Please note that due to the alphabetical search order of find, "default" and "best practice" results are switched as compared to the spreadsheet.

Recalculating Figure 5

Figure 5 is calculated from the Windows Event logs in the dataset (winlogbeat_##.jsonl). We recommend creating a Python virtual environment and running the plot script within:

python3 -m venv venv
source venv/bin/activate
pip install matplotlib pandas seaborn
python3 boxplot.py dataset/
deactivate

The results are shown in Events.pdf.

2. Reproducing one type of simulation

For our evaluation, we built and run SOCBED on two separate host systems with two different logging configurations (default and best-practice), respectively. As a first step, this section describes how to build and run SOCBED on one host with the best-practice configuration.

Building SOCBED

The setup process is described in the file README.md of the SOCBED repository. Please build SOCBED by closely following these instructions and run the tests as described to verify correct functionality. Please note that SOCBED used to be called "BREACH" and the old name is not yet fully replaced in the code.

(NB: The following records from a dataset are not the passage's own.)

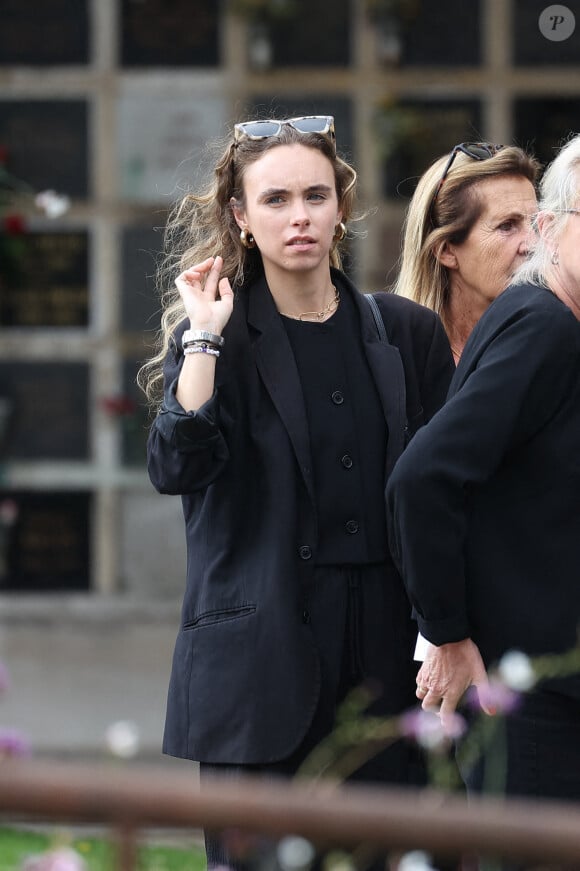 Mathilde Laffont arrives at the funeral of Patrice Laffont at the Pere Lachaise cemetery on August 23, 2024 in Paris, France. Photo by Nasser Berzane/ABACAPRESS.COM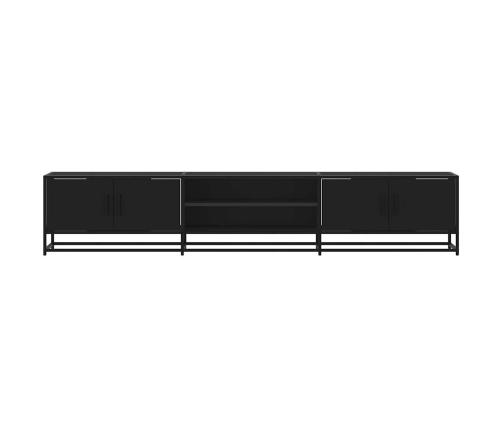 Mueble para TV madera de ingeniería negro 210x35x41 cm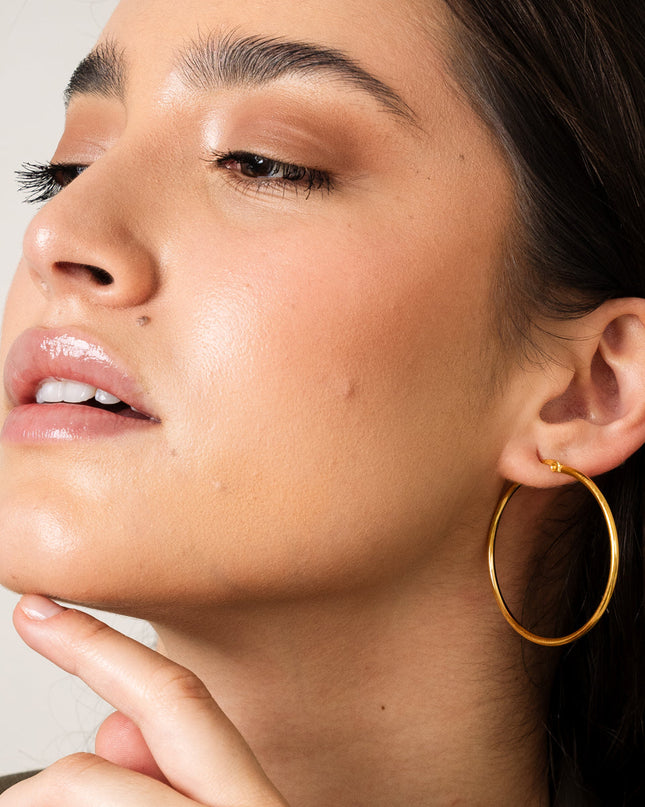 Aros de Oro - Pendientes Elegantes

Running an iteration of our simulation

After installing SOCBED successfully, you can run an iteration of our simulation as follows. (In case you are running macOS as a host system, you first need to replace line 6 with line 7 in the run_simulations script.)

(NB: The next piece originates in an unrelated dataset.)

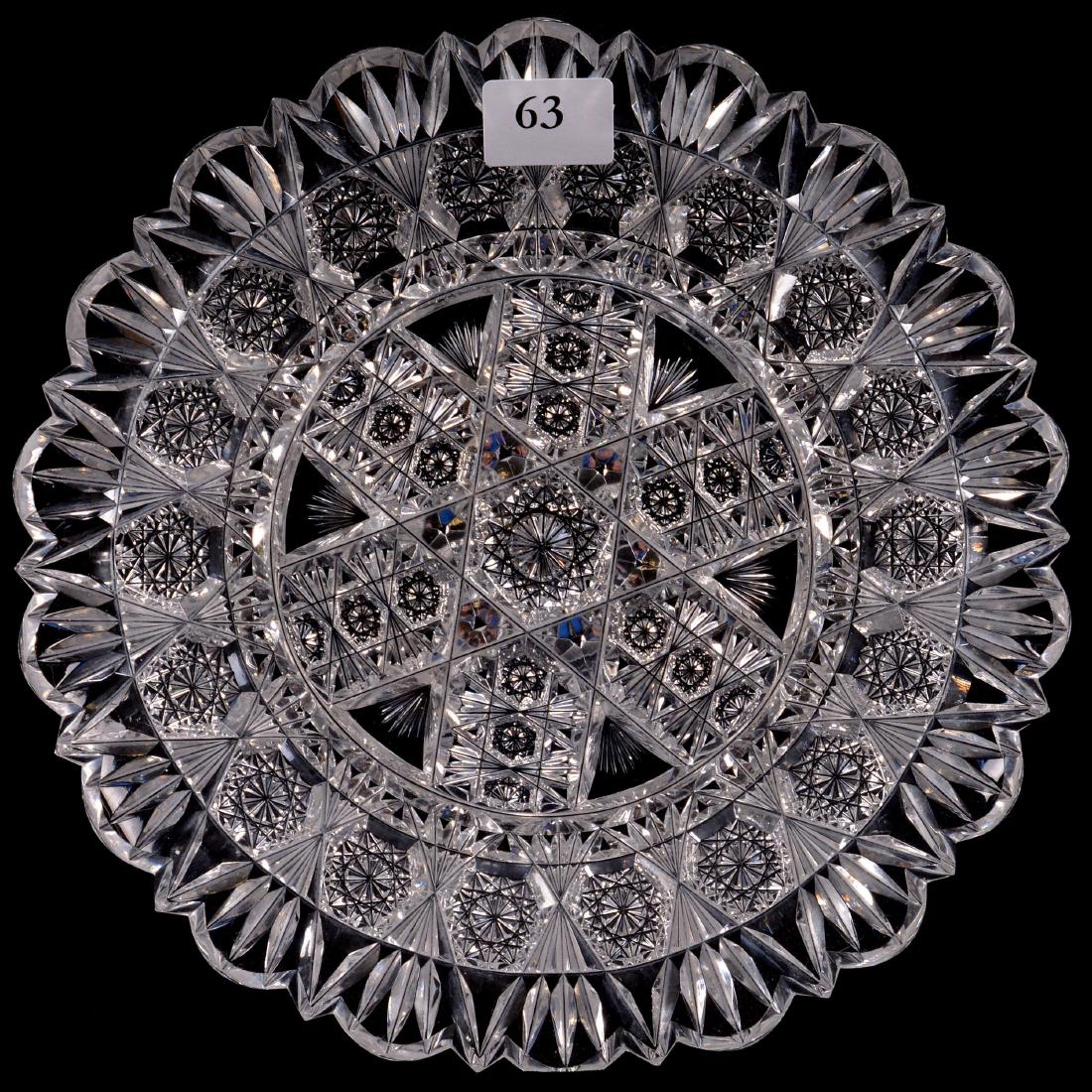 ABCG Plate - Calais Pattern Signed Hawkes (1 of 2)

# Execute in repo root of socbed-acsac-2021
source ~/.virtualenvs/socbed/bin/activate
pip install elasticsearch elasticsearch-dsl
./run_simulations

The simulation will take approx. 70 minutes. During the simulation and at the end, several log files will be created (in the same directory), including the Windows Event logs and Linux syslogs downloaded from the VMs.

To match Sigma rules against the created Windows Event logs, we used our open-source tool Logprep, which is included here as a Python EXecutable (PEX) file called check_sigma.pex. Please note that Logprep is licensed under the LGPL. This file requires Linux and Python 3.8 (default in Ubuntu 20.04) to run. Let us know if you are using a different OS or Python version, we can recompile the file for you.

We also included the detection rules used for the evaluation in the rules directory. These rules were downloaded from the official Sigma repository and then converted to a format that Logprep can process. Please note that the Detection Rule License applies. Use the following command to create Sigma alerts from the Windows Event log file (can take several minutes):

./check_sigma.pex winlogbeat_1.jsonl rules/ > sigma_1.jsonl

Now, Sigma and Suricata alerts can be extracted from these files using the Python scripts from the previous section ("Recalculating the presented results from our dataset"):

python3 count_tps_sigma.py sigma_1.jsonl
python3 count_tps_suricata.py syslog_1.jsonl

3. Reproducing the full evaluation

The previous section described how to perform one iteration of the simulation on one host. Our full evaluation differs from this description in the following aspects:

  1. We performed 10 iterations of each configuration on each host instead of one. To change the number of iterations, open run_simulations and set NUM_ITERATIONS=10 (line 3). Make sure to move/backup any old simulation output files before starting a new simulation because they will be overwritten.
  2. We repeated the iterations with a changed Windows logging configuration. To do so, open provisioning/ansible/client10_playbook.yml and remove the roles win10_logging_config and win10_sysmon. This will change from the "best practice" to the "default" logging configuration. Then delete the client VM from VirtualBox and rebuild it using the script tools/build_client.
  3. We repeated the whole process (i.e., ten iterations per configuration) on another host.

After each simulation, move the created log files to the corresponding directory (new_dataset/host1_bestpractice/, new_dataset/host1_default/, new_dataset/host2_bestpractice/ and new_dataset/host2_default/). Following these steps and then performing the calculations described in the section "Recalculating the presented results from our dataset" using the new dataset reproduces our complete evaluation.